> **Data shown**
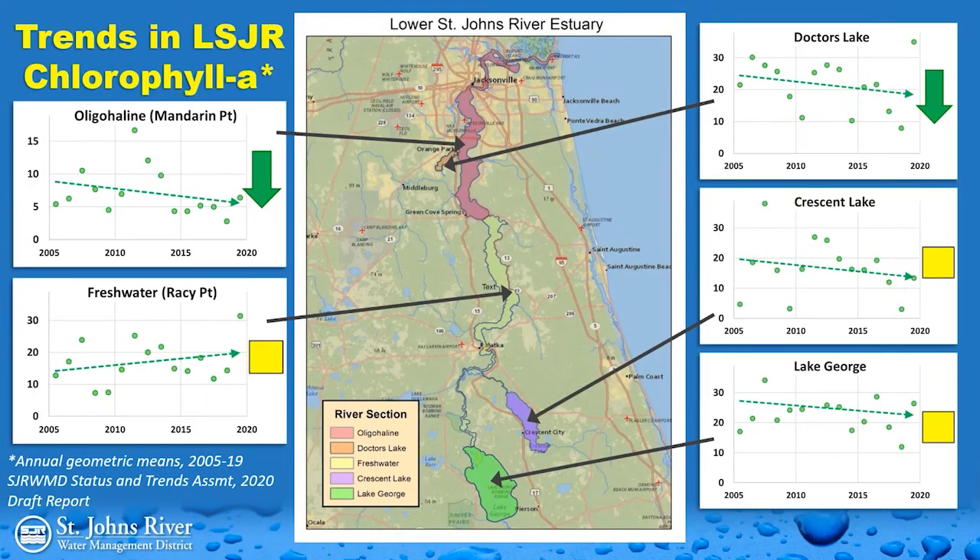The good news is that chlorophyll A values have been decreasing in the vast majority of these river sections. Data from 2005 to 2020 shows some variability, but for the most part chlorophyll A values are on the decline — especially in Doctor's Lake and the oligohaline reach. The freshwater reach seems unchanged or possibly increasing slightly, but overall the trend is what we want to see: less phytoplankton biomass.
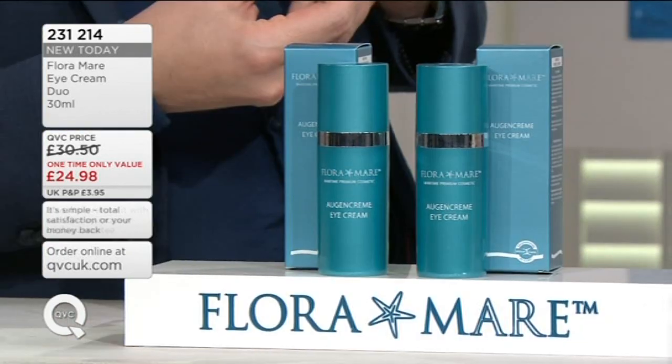Major areas that we struggle with is around the eyes — it's where you start to really feel that you're looking older than you would want. And without a second full-price P&P, you're actually getting two of them, so that's £46 worth of value. And the reason we've done that is because...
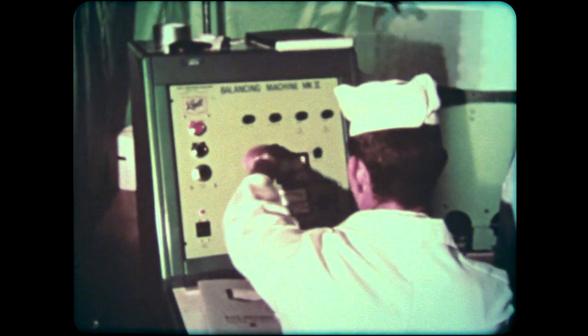Understanding solar physics is indispensable to our understanding the processes that affect Earth and the other planets. Knowledge gained from spacecraft like the orbiting solar observatory may even one day aid physicists in finding an unlimited and pollution-free power source for Earth.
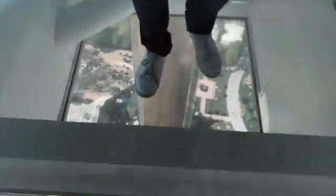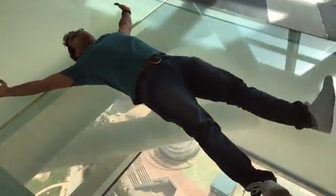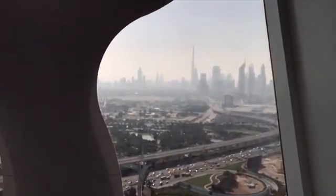It's really scary if you actually look down. The view is absolutely stunning - you can see the Burj Khalifa and the Emirates Towers in the distance.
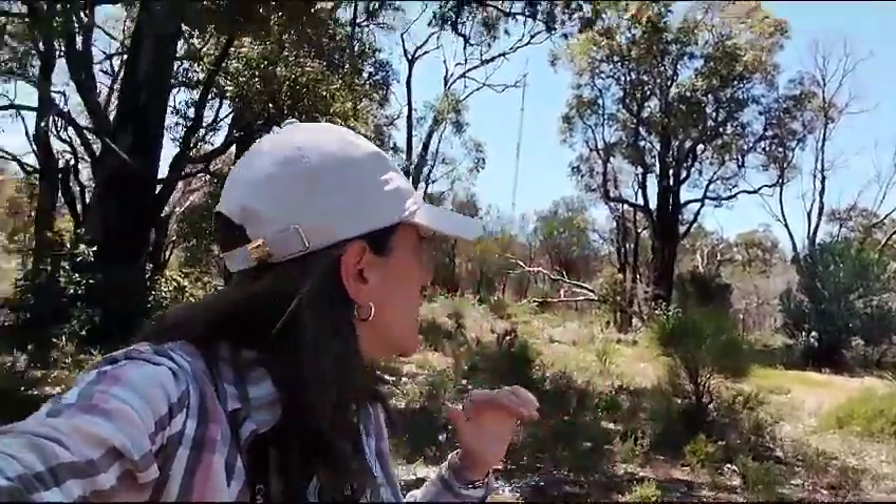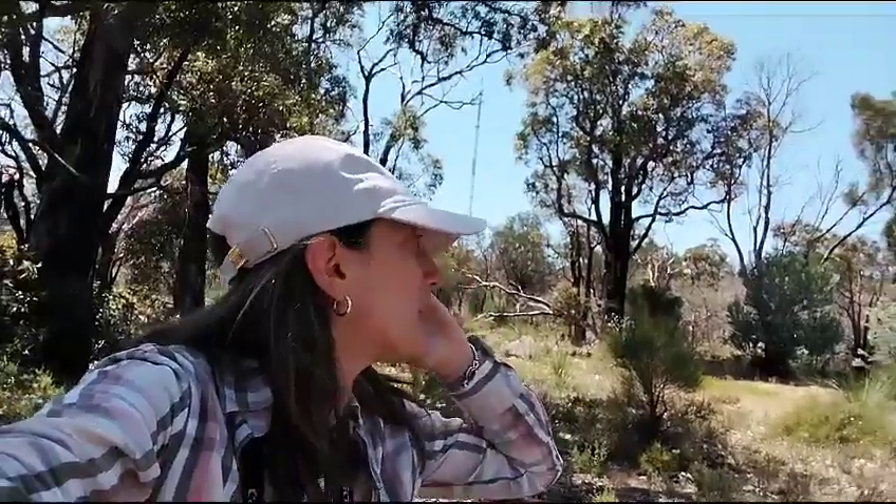Typical open jarrah forest with allocasuarina and some banksia woodlands. It's a very typical habitat here on top of the Perth hills, on the Darling Scarp.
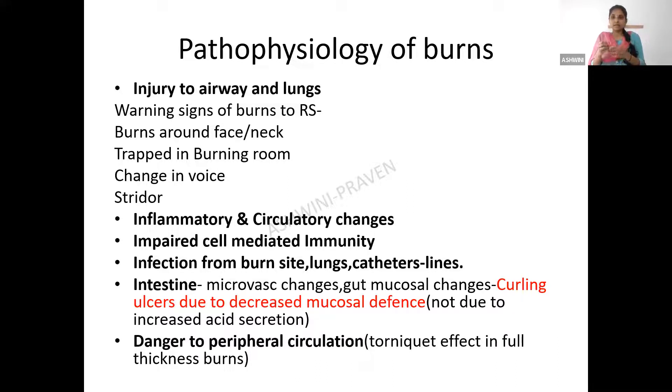Once the mucosal defense breaks down, there is increased susceptibility to acid-mediated injury — the mucosa becomes more prone for injury by acid. That is why the ulcers in burns are called Curling's ulcers — due to decreased mucosal defense, not due to increased acid secretion. This is MCQ-oriented. Burns also cause damage to the peripheral circulation; once peripheral circulation is compromised, collagen is lost in the extremities and the elasticity of the skin is lost, producing a tourniquet effect in full-thickness burns that can cause compartment syndrome, which must be released immediately.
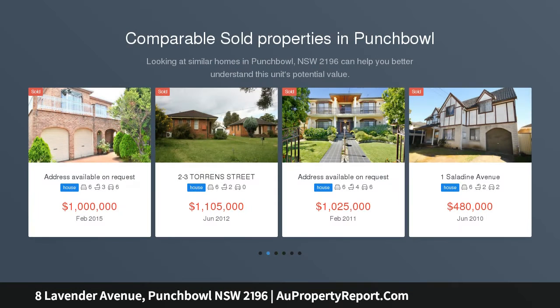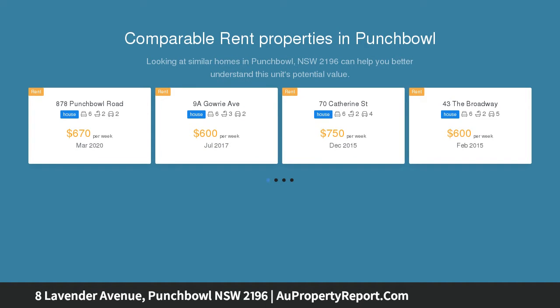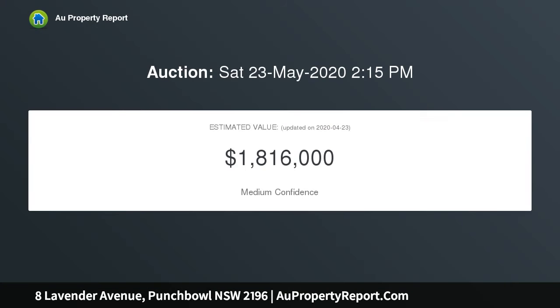Quality double brick residence of grand proportions, immaculately maintained and wonderfully spacious. This solid double brick home comfortably accommodates the largest of families and is ideally suited to tradesmen. It offers dual living potential and is set in a tightly held pocket on a blue ribbon street.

> **Work item**
All of the listing is to be written out exactly, with the pictures left out.

> **Your response**
The good news is that chlorophyll A values have been decreasing in the vast majority of these river sections. Data from 2005 to 2020 shows some variability, but for the most part chlorophyll A values are on the decline — especially in Doctor's Lake and the oligohaline reach. The freshwater reach seems unchanged or possibly increasing slightly, but overall the trend is what we want to see: less phytoplankton biomass.
Major areas that we struggle with is around the eyes — it's where you start to really feel that you're looking older than you would want. And without a second full-price P&P, you're actually getting two of them, so that's £46 worth of value. And the reason we've done that is because...
Understanding solar physics is indispensable to our understanding the processes that affect Earth and the other planets. Knowledge gained from spacecraft like the orbiting solar observatory may even one day aid physicists in finding an unlimited and pollution-free power source for Earth.
It's really scary if you actually look down. The view is absolutely stunning - you can see the Burj Khalifa and the Emirates Towers in the distance.
Typical open jarrah forest with allocasuarina and some banksia woodlands. It's a very typical habitat here on top of the Perth hills, on the Darling Scarp.
Once the mucosal defense breaks down, there is increased susceptibility to acid-mediated injury — the mucosa becomes more prone for injury by acid. That is why the ulcers in burns are called Curling's ulcers — due to decreased mucosal defense, not due to increased acid secretion. This is MCQ-oriented. Burns also cause damage to the peripheral circulation; once peripheral circulation is compromised, collagen is lost in the extremities and the elasticity of the skin is lost, producing a tourniquet effect in full-thickness burns that can cause compartment syndrome, which must be released immediately.
Quality double brick residence of grand proportions, immaculately maintained and wonderfully spacious. This solid double brick home comfortably accommodates the largest of families and is ideally suited to tradesmen. It offers dual living potential and is set in a tightly held pocket on a blue ribbon street.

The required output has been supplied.